A recent case demonstrates that, in some circumstances, employers defending wrongful dismissal actions may be able to recoup a significant portion of their legal expenses from the plaintiff employee. The decision in Mesgarlou v. 3XS Enterprises Inc. (January 2, 2003) dealt with the awarding of costs flowing from a case reported previously in FOCUS (see “Clause limiting wrongful dismissal damages to Employment Standards Act minimum upheld by Court” on our What’s New page).
Readers may recall that, in Mesgarlou, the plaintiff employee had sued for common law reasonable notice damages but, due to the language of his employment contract, the court limited his notice entitlement to one week, the minimum available to him under the Employment Standards Act. This left the plaintiff, Mesgarlou, with only $2,477, a sum that hardly justified his decision to go to court.

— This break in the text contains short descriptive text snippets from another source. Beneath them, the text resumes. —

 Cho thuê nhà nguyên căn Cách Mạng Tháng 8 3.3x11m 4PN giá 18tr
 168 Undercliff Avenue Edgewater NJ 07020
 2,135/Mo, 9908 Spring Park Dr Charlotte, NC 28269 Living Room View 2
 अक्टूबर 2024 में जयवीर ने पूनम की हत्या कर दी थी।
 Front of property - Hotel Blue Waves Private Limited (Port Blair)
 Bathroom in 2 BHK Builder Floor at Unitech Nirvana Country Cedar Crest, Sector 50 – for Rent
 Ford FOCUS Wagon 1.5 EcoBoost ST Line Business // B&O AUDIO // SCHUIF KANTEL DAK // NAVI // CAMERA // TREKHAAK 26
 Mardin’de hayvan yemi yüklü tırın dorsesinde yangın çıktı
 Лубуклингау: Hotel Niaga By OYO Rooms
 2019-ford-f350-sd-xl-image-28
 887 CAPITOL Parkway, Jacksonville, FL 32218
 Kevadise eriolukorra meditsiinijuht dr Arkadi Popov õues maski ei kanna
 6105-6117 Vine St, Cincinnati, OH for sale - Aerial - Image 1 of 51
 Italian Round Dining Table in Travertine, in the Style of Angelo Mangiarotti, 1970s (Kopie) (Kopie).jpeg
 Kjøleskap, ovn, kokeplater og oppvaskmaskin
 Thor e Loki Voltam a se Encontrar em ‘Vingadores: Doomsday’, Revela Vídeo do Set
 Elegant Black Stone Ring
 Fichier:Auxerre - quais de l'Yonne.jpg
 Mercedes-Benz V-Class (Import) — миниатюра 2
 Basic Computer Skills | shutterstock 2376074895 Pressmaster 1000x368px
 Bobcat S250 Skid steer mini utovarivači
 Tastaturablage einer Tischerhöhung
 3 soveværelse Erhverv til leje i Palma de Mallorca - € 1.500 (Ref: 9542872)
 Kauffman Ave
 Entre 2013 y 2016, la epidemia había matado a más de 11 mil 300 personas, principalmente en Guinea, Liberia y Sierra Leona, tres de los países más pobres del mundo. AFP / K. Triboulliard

Having failed to agree on the apportionment of legal costs, the parties returned to court to settle the issue. In support of its argument that Mesgarlou pay a substantial amount of its legal costs, the employer pointed out that it had made two substantial offers – one of $30,000, and another of $22,123 – to settle Mesgarlou’s claim before trial. Mesgarlou had spurned both offers, and declined to make a counter-offer, thereby requiring a four-day trial, in which he was awarded only a small fraction of the lower settlement offer.
LEGAL FEES OF $33,500 “NOT UNREASONABLE”
The employer presented evidence that it had been billed $33,500, of which some $23,000 related to services rendered and disbursements incurred after the employer’s first offer to settle the case. While these figures were disputed by the plaintiff as inflated, the court observed that, because the employer was defending a claim of $200,000, as well as an unspecified sum for aggravated damages, costs of $33,500 were not unreasonable.
Mesgarlou also argued that it would be unfair to saddle him with the employer’s legal costs, given that he had been terminated without cause after a year of largely successful service to the employer and had yet to pay off his own substantial legal fees. While the court sympathized with Mesgarlou’s plight, it sided with the employer, quoting an English maxim on the risks of going to court to pursue a claim: “He that goes to law holds a wolf by the ear”.
- “[Mesgarlou] pursued a largely unsuccessful action against the defendant through to judgment after four days of trial, and did so notwithstanding successive offers of settlement in the weeks before the trial which would have left him far better off and would have avoided large amounts of the costs now being billed from having been incurred. The awarding of costs in civil actions is intended to compensate the successful party for some of its legal costs. Given the result at trial and the offers to settle, there can be no doubt that the defendant is the successful litigant. The degree to which such compensation is awarded may be increased where it appears that the unsuccessful party has proceeded to trial in the face of a bona fide offer to settle which would have been to his ultimate advantage.”
With these principles in mind, the court awarded the defendant employer costs of $22,750, consisting of $3,000 for the period up to the first offer to settle, $19,000 for the period from the settlement offer to the end of the trial, and $750 for the costs hearing.
In Our View
Although , ultimately, this decision was favourable to the employer, it should be noted that the principles stated by the court could also operate to an employer’s detriment. If a plaintiff employee makes an offer to settle that is declined by the employer, and then succeeds at trial, it is the employer who will bear the costs burden, if acceptance of the employee’s offer would have been to the employer’s advantage. Therefore, while this decision offers a degree of comfort to employers forced to defend against employee claims, it should also serve as a reminder of the perils of proceeding to trial when the outcome is uncertain and an offer to settle has been made.